A number of wildfires tore through Indonesia in October 2023 – something that has become a common occurrence in recent years. On the island of Sumatra, the blazes led to the closure of several schools. For NGOs operating in Indonesia, including Greenpeace and the local organisation Pantau Gambut, the culprit is clear: palm oil companies are to blame for these fires. 

The NGOs accuse these companies of using these fires to clear the land – a cheaper and faster option than bulldozers. Then, the companies plant palm trees in the cleared land. While using fire to clear land is a traditional practice, it has been illegal in Indonesia since 2009.  

Environmental NGOs have seen a real increase in fires in Indonesia’s tropical peatlands, which are under threat by the palm oil industry.

‘It’s the cheapest method’

More than 14,000 fires were recorded in August, four times the number in July, according to Pantau Gambut, an Indonesian NGO that monitors fires in the peatlands.  

This increase in fires can be directly linked to the palm oil companies for two reasons, says Abil Salsabila, a member of Pantau Gambut:

Some of these palm oil companies start fires so they can clear the land and start a plantation there, because it is the cheapest method. 

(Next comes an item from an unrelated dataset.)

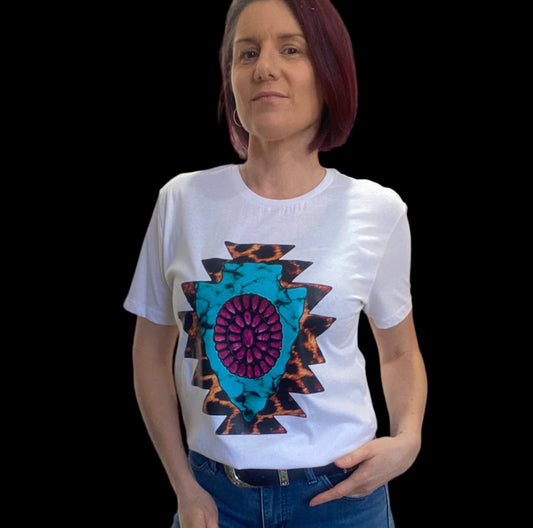A8449 - Aztec Round Neck Graphic T-Shirt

It’s important to add that these companies drain the peatlands to water their plantations. That dries out the peatlands and makes them more vulnerable to fires overall.  Their soil is made up of organic matter that has been decomposing for thousands of years and the oxidation process from this decomposition makes them even more flammable.

Oxidation generates carbon dioxide (CO2). In case of a fire, this build-up of CO2 adds to the CO2 created by the fire. Therefore, dried-out peatlands represent between 5 and 6% of global greenhouse gas emissions.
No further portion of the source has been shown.